CINCINNATI (Court TV) — Authorities involved in a high-speed chase through multiple Tennessee counties were stunned last week when they pulled over the vehicle and found the owner dead and her alleged killer behind the wheel.
Lance Mason Miller, 32, of Abbott, Texas, was arrested Saturday and booked into the jail in Wilson County, Tennessee. He was charged in Ohio in the kidnapping and murder of 36-year-old Kaitlyn Ashley Lynch.
Lynch, who lived in the Westwood neighborhood of Cincinnati, left behind two young daughters, according to Scripps News Cincinnati.
Anyone who knew her well knew her girls were the lights of her life, the news station reported. Her family expressed the shock of her killing on a GoFundMe page set up to help her children.
“Anyone who knew Kaitlyn knew how much she loved being a mom to her two beautiful daughters and how she was always willing to lend a hand,” the page reads. “She was funny, beautiful, determined, and she will be deeply missed by all.”
A GoFundMe page was created to get Lynch’s body back to her family in New York and help set up education funds for her daughters.
Officers responded shortly before midnight on Saturday to a residential area in Westwood, where witnesses reported a volley of gunshots. The officers found evidence of a shooting and abduction.
“I heard five shots, and an immediate two afterwards,” a neighbor, Andrew Kenton, told the Scripps News affiliate.
Lynch’s vehicle was spotted a few hours later in Wilson County, according to Scripps News Nashville.

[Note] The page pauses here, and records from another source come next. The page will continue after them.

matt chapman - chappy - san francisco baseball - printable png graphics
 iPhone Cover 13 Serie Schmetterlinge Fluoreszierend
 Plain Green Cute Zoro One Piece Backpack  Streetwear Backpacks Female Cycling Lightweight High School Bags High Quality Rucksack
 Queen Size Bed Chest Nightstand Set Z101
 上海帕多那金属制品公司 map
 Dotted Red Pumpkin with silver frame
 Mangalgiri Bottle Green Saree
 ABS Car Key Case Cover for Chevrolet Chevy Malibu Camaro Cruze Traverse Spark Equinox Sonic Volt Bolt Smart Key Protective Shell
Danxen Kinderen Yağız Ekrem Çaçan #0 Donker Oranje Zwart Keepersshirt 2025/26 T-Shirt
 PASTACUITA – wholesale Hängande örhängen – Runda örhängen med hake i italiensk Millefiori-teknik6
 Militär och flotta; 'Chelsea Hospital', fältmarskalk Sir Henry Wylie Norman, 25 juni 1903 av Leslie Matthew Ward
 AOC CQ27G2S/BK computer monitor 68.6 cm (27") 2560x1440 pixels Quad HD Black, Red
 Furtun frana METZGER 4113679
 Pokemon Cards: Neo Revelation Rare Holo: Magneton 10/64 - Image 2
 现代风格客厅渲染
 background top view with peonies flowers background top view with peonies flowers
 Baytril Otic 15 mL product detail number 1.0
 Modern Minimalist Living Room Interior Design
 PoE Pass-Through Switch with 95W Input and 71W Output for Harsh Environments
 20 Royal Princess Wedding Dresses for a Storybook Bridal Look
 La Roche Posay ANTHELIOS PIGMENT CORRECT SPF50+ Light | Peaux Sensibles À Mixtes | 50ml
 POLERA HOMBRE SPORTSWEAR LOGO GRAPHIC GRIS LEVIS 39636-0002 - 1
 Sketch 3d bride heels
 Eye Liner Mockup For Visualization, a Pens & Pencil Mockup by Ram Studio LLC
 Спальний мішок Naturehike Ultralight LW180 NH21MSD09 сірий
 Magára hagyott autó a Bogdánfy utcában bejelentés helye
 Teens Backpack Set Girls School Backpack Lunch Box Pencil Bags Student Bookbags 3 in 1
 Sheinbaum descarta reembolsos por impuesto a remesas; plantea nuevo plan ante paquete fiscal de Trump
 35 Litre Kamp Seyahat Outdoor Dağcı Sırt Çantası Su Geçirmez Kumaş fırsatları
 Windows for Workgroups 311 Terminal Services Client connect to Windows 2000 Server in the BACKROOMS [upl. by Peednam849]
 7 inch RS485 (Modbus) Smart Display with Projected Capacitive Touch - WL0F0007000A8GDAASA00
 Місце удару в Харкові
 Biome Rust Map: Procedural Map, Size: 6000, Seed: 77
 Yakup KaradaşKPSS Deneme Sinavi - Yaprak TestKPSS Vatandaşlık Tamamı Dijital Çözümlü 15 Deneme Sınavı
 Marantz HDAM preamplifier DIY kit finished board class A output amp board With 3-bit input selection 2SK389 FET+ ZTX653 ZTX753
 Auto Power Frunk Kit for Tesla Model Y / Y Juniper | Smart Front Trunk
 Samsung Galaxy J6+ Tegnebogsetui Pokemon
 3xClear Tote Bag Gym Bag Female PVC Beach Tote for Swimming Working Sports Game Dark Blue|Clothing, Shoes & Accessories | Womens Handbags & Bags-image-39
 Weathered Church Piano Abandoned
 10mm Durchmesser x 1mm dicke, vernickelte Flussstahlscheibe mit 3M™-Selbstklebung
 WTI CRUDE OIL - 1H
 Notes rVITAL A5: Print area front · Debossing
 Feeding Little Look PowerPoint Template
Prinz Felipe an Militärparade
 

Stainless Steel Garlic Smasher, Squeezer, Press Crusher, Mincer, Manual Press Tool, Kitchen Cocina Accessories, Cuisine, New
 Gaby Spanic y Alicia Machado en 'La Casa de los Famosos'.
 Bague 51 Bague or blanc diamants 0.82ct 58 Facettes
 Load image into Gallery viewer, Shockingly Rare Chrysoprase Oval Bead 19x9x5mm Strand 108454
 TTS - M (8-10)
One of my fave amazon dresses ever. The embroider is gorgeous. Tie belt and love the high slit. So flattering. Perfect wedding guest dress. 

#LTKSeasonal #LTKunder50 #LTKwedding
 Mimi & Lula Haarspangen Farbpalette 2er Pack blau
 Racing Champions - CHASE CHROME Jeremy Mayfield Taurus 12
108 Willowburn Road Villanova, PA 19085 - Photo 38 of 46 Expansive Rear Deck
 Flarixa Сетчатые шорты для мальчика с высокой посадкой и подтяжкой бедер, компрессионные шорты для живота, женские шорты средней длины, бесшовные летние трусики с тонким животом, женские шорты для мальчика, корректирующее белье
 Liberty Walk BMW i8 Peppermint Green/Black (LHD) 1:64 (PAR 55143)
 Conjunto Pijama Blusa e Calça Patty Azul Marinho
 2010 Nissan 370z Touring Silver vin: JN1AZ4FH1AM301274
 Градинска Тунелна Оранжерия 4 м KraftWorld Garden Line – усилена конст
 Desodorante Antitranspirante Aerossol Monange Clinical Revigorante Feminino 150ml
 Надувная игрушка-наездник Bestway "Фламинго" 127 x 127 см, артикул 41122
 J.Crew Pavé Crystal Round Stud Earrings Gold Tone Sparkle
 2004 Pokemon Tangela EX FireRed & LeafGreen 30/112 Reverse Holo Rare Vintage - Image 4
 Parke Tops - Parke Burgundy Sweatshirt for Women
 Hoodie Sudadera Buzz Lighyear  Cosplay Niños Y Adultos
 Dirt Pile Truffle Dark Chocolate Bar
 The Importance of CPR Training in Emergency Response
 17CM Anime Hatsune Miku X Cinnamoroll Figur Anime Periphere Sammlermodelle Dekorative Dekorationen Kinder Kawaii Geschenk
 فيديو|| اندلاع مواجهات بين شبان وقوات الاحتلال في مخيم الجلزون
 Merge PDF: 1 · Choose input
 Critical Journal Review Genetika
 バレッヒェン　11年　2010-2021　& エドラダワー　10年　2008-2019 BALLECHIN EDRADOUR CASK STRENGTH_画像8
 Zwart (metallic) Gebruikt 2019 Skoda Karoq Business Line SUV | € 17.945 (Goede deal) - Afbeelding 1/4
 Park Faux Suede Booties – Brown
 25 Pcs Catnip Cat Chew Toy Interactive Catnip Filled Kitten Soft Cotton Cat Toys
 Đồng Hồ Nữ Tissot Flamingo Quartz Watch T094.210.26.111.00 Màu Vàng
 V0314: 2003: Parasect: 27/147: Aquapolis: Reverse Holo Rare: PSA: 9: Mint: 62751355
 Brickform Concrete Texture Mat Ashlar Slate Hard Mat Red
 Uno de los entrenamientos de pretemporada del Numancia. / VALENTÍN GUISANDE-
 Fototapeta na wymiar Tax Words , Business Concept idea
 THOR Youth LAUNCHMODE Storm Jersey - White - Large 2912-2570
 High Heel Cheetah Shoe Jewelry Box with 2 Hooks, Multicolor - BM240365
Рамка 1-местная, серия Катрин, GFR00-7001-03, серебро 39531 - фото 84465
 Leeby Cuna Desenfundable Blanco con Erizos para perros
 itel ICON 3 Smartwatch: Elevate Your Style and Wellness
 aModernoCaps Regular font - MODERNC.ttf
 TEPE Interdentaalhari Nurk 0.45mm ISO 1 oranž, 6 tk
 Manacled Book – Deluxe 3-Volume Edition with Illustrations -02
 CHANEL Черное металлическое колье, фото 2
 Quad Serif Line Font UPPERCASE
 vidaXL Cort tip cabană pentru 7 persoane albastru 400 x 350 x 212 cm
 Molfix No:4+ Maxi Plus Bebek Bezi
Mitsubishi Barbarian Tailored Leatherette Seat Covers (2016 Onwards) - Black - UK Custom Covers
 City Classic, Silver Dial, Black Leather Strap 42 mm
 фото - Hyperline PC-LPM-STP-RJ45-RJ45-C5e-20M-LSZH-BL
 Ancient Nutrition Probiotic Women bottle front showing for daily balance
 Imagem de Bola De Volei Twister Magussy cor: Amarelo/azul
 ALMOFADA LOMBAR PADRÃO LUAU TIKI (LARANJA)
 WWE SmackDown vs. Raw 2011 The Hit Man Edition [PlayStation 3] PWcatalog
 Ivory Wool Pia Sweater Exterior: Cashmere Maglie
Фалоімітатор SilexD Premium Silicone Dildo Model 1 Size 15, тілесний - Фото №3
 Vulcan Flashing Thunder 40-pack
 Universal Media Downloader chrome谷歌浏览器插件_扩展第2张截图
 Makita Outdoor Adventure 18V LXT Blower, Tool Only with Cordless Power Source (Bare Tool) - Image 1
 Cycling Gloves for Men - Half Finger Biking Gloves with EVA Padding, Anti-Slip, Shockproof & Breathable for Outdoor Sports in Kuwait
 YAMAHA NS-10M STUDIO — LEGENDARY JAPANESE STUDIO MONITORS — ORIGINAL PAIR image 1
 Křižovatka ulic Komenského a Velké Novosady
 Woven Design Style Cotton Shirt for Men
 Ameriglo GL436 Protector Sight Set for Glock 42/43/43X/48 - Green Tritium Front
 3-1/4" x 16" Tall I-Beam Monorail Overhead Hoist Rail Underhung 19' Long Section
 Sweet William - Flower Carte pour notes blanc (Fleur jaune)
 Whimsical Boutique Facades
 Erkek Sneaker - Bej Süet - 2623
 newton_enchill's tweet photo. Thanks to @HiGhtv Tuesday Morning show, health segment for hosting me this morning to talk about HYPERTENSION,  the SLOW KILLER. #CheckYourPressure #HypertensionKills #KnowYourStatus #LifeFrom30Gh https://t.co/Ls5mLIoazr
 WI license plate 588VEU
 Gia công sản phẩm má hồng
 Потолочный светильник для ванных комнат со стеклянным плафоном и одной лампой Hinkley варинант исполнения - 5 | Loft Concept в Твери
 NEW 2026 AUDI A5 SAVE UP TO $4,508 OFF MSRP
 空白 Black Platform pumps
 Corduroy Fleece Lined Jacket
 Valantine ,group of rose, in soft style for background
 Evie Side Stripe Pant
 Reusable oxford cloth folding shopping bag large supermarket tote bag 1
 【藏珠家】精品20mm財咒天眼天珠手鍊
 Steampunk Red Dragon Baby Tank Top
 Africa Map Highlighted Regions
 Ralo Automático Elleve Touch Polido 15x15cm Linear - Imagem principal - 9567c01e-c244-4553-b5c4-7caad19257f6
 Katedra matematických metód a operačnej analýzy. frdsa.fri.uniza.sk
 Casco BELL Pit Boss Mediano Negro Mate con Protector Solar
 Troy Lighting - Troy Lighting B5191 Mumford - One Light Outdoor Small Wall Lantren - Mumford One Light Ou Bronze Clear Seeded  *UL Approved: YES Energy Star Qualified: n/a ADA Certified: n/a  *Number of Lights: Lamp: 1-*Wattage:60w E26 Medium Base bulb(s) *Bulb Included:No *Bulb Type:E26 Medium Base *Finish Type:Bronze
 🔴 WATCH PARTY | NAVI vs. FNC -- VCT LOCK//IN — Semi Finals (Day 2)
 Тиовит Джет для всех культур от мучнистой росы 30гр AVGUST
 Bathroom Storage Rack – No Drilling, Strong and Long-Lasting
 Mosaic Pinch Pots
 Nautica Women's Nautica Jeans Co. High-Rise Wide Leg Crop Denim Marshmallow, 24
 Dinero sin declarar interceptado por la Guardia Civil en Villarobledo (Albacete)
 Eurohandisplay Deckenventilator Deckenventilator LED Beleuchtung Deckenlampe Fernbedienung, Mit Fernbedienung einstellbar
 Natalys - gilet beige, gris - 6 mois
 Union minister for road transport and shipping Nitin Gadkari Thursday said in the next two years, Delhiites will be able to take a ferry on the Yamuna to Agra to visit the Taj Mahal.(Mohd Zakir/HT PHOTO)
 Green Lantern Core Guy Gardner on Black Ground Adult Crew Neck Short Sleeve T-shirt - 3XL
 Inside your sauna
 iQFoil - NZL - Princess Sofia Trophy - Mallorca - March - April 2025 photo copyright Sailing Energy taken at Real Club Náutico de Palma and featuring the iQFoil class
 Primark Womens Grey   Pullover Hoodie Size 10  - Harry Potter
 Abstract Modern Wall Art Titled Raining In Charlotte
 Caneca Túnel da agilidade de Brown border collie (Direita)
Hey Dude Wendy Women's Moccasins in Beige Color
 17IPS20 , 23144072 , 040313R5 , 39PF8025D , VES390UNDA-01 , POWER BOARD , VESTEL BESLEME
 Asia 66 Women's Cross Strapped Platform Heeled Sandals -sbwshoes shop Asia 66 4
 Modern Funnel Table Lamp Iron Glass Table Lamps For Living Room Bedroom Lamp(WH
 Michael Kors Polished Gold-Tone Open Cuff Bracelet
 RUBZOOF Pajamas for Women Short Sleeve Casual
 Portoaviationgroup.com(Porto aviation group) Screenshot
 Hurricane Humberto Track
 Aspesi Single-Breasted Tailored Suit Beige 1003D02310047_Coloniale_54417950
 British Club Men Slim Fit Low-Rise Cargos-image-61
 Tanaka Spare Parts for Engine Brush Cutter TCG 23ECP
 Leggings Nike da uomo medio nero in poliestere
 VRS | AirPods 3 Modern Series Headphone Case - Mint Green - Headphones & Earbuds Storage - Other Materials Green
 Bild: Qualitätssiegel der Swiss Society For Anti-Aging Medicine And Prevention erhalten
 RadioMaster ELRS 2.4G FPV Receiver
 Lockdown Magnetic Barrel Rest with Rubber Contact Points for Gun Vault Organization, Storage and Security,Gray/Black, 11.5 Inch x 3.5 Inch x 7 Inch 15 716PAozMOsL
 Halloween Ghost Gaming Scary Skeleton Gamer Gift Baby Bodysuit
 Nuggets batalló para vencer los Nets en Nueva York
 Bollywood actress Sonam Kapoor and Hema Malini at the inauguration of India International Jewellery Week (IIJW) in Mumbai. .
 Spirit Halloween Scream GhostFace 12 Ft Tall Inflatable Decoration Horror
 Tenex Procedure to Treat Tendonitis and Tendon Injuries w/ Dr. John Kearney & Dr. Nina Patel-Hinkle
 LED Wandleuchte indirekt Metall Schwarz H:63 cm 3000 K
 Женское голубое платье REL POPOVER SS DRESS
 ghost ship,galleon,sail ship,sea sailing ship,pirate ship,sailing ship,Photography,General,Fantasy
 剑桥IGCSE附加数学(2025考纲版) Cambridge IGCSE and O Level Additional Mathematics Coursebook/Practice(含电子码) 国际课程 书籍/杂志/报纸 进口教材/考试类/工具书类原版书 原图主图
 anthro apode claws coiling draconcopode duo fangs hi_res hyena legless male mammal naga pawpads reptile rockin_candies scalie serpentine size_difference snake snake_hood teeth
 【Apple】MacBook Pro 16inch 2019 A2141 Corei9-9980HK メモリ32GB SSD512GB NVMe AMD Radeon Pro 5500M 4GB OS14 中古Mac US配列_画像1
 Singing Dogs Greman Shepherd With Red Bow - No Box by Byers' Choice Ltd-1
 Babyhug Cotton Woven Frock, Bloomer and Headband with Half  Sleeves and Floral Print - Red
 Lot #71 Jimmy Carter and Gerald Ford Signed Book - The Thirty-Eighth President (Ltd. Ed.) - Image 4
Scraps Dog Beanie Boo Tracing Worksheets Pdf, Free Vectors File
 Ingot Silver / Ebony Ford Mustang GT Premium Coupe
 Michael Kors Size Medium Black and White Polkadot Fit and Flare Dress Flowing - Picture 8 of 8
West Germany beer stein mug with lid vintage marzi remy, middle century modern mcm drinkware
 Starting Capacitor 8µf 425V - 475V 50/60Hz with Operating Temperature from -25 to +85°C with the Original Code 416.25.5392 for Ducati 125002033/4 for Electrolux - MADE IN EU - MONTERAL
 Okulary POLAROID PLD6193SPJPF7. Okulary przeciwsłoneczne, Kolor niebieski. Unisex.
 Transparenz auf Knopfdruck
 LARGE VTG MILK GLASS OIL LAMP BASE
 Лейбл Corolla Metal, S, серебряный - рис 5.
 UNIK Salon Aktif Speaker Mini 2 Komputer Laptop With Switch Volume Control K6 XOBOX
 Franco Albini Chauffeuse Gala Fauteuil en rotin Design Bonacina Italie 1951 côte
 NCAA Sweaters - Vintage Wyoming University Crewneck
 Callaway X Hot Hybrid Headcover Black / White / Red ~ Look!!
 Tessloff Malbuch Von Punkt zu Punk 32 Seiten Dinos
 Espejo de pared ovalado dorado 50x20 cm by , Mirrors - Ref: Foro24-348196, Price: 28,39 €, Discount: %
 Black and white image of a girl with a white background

A harrowing chase ensued.
Miller was stopped after spike strips were used on westbound I-40 near mile marker 243, the news station reported.
According to the family’s fundraising page, Lynch was found in the passenger seat, dead from a gunshot wound to the chest.
Miller is expected to face charges of evading arrest and abuse of a corpse in Tennessee, where he’s currently awaiting extradition to Hamilton County, Ohio, to face the murder and kidnapping charges.
Jim Hartke, an attorney based in downtown Cincinnati, told Scripps News Cincinnati, that Lynch was a kind, generous person who “lived for her children.” He said she would sometimes bring the girls to his law office, where she worked.
“That’s kind of just who she was,” Hartke said. “We just enjoyed the heck out of her around here.”
Another staffer called her “spunky… a pistol” and noted that nearly a week later, her death didn’t feel real.
Hartke said Lynch and Miller were acquaintances and that Lynch had allowed Miller to stay briefly at her home. Though some of his office staff were leery of Miller, Hartke said he’d had no misgivings about the man.
He had drinks with Miller and Lynch Friday night, just hours before she was killed.
“I don’t have anything to say to him. We’ll have to let the justice system run its course,” Hartke told Scripps News Cincinnati. “But I certainly hope he gets convicted of kidnapping, abuse of a corpse and murder — and receives the maximum sentence.”